И снова привиделась мне она в таком очаровательном виде! Улички чисто подметены. И аккуратные пассажиры проходят. И на каждом квартале фонарик горит…
Оторвался я от сугроба. И сразу пришел к заключению: замерзаю на чужой стороне.
Теперь так явственно услышал звон колокольный. Неужто погибнуть у самых дверей? Горькое показалось мне это занятие. Между тем подымусь – и опять упаду. И опять-таки продолжаю движение тела по прямой линии.
«Нет, – думаю, – не сдамся».
И замечаю, совсем рассвело. А звон все ближе – вот где-то совсем тут. И вдруг оборвался. И в эту самую минуту увидел я монастырское здание. Сразу откуда-то бодрость взялась, меньше чем в пять минут добрел я до ворот и прямо во двор вступил монастырский. Вижу, монашки толпятся – в церковь идут. Ахнули они, завидя мое присутствие. И все моментально от меня отвернулись. Слышу, смеются тихонько и толкают друг дружку. Остановился я в нерешительности посередине двора. Наконец подбежала ко мне одна из этих монашек.
– Бесстыдник! – говорит. – Нате, хоть рясой прикройтесть!..
Накинул я моментально поданную мне рясу и голову клобуком прикрыл. Подошли они тогда ко мне, стали наперебой расспрашивать. А я, понятно, дрожу от холода, и даже говорить не могу. Одно только сообразил – русский это монастырь, потому говорят все по-русски. И вдруг выходит из-за угла старушонка в монашеском одеянии. Важно так идет по двору, и палочка у нее в руках кривая. Увидали ее монашки и мигом от меня отшатнулись. Слышу, шепчут промеж собой:
– Мать игуменья идет.
Подошла ко мне эта самая игуменья и остановилась.
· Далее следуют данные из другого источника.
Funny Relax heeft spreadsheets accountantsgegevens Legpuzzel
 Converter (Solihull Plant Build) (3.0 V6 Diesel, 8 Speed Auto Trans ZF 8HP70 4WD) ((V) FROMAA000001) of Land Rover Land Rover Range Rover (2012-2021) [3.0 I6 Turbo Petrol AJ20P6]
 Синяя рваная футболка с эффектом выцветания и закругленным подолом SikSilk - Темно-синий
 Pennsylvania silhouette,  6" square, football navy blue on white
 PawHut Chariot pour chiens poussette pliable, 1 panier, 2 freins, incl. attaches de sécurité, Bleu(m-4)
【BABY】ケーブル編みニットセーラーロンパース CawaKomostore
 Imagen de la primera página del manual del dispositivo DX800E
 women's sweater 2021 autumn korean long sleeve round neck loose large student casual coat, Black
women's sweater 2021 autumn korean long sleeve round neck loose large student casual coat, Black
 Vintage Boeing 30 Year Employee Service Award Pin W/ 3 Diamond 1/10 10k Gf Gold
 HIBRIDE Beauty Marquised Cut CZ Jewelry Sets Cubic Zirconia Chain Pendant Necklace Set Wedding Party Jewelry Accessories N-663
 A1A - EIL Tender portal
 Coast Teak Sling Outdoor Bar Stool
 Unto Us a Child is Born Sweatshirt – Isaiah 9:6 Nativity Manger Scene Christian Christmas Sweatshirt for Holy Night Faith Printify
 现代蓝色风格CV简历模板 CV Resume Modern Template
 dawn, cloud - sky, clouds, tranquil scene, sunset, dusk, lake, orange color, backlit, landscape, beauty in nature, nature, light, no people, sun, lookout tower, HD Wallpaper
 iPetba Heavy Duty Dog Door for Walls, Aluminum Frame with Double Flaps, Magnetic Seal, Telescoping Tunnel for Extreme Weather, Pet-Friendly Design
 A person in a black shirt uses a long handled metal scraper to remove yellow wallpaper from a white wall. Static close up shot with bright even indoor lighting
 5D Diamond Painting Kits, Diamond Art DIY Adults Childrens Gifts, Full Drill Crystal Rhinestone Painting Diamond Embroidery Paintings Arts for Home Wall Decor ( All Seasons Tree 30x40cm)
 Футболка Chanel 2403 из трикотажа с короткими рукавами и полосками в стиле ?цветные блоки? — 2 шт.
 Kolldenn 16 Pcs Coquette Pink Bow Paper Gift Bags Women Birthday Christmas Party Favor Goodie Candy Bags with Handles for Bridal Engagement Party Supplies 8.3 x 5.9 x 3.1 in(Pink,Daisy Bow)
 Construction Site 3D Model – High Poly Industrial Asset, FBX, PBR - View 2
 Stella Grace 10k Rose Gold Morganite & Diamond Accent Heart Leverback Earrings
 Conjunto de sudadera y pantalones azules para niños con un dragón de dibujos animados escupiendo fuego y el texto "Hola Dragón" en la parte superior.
– Ты это что, – спрашивает, – дочь моя, ходишь босая?
Растерялся я, понятно, при виде духовной особы.
– Это, – говорю, – меня ограбили на границе. Гришка Цыган ограбил.
Покачала головой игуменья, и глаза у нее, замечаю, добрые. Снял я тогда клобук с головы – мешал он мне очень. И вдруг как отшатнется она от меня и стала поспешно креститься.
– Сгинь, – говорит, – сатана!
Даже обиделся я на такое напрасное обхождение. Почти до слез взволновался. А она машет руками.
– Сгинь! – кричит. – Не искушай!
Посмотрел я тогда на нее выразительным взором.
– Зачем, – говорю, – оскорбляете постороннюю личность? И что я вам сделал плохого?
И только она меня палкой ударила.
– Сатана! – кричит. – Пропади!
Тут уж не выдержал я и горько заплакал. Обступили меня монашки со всех сторон. Слышу, объясняют игуменье произошедший факт.
– С той стороны, – говорят, – мужчина этот явился. Должно быть, от большевиков убежал.
Выслушала их мать игуменья и первая ко мне подошла.
– Прости, – говорит, – меня, грешную. Бородой ты своей испугал. Совершенно как у лукавого бороденка твоя.
А я, конечно, трясусь на снегу, с ноги на ногу перескакиваю.
– Отведите его в кухню, – говорит мать игуменья. – Да пошлите за одеждой кого в деревню. Потому не годится ему быть в таком обольстительном виде.
Действительно, как была эта ряса дырявая, сам я понимал неудобство внешнего вида. Зато как очутился в теплой кухоньке, сразу повеселел. Чаю мне налили горячего и вином угостили. И стала меня мать игуменья обо всем расспрашивать обстоятельно и участливо, от души. И как рассказал я ей свою судьбу – даже прослезилась благочестивая женщина.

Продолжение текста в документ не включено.